- Try it:
Copy the data exactly. Images are to be left out.

== Source information ==

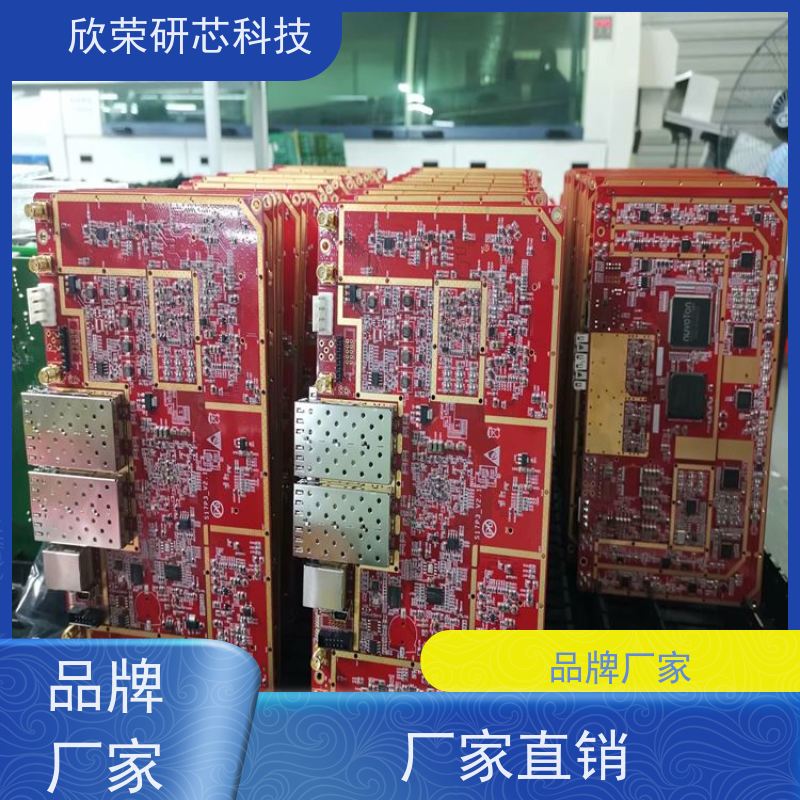 快速意法STM8AF6168芯片解密单片机解码 电路板抄板改板设计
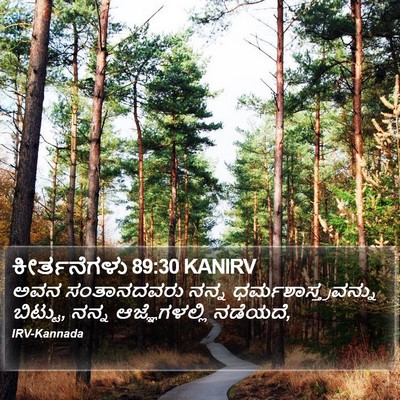 ಕೀರ್ತನೆಗಳು 89:30 KANIRV Bible Verse Image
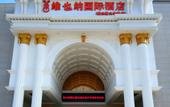 Туры в отель Vienna International Hotel (Shanghai Dishui Lake Ocean Park)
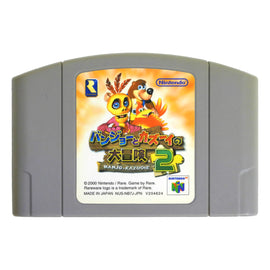 Banjo Kazooie 2 [Banjo-Tooie] [JP Import] (Nintendo 64 / N64)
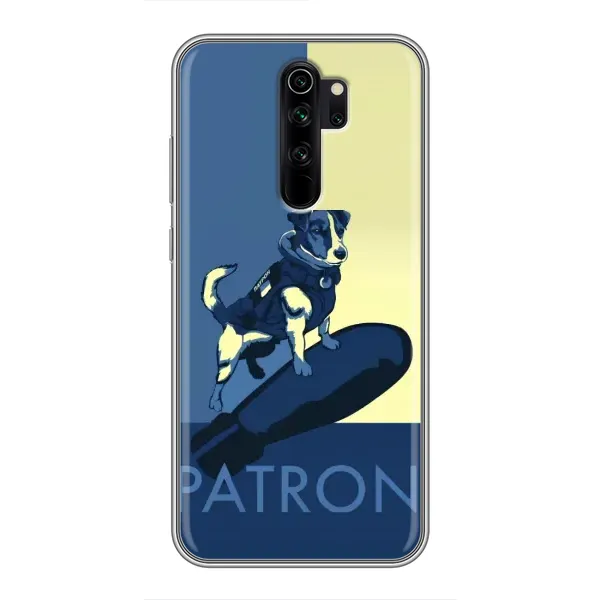 Чехол с рисунком «Patron» для Xiaomi Redmi Note 8 Pro Чехол с рисунком «Patron» для Xiaomi Redmi Note 8 Pro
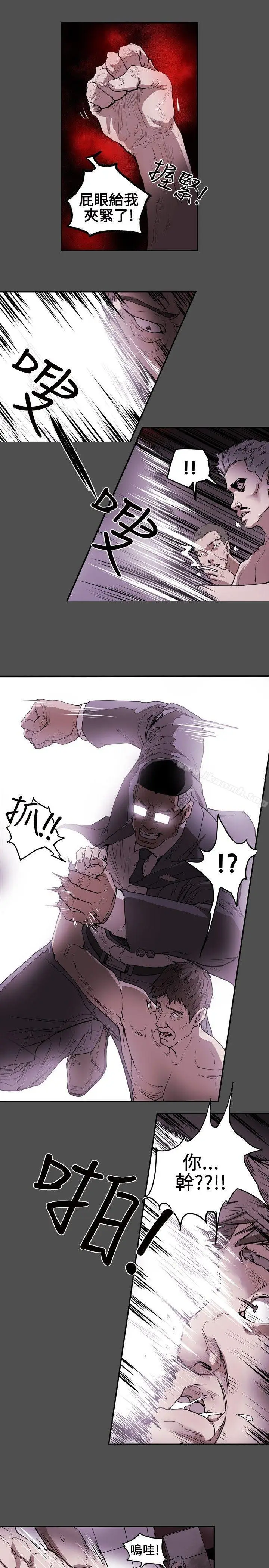 漫画《Honeytrap甜蜜陷阱》第6话第8张图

===

- Output:
 快速意法STM8AF6168芯片解密单片机解码 电路板抄板改板设计
 ಕೀರ್ತನೆಗಳು 89:30 KANIRV Bible Verse Image
 Туры в отель Vienna International Hotel (Shanghai Dishui Lake Ocean Park)
 Banjo Kazooie 2 [Banjo-Tooie] [JP Import] (Nintendo 64 / N64)
 Чехол с рисунком «Patron» для Xiaomi Redmi Note 8 Pro Чехол с рисунком «Patron» для Xiaomi Redmi Note 8 Pro
 漫画《Honeytrap甜蜜陷阱》第6话第8张图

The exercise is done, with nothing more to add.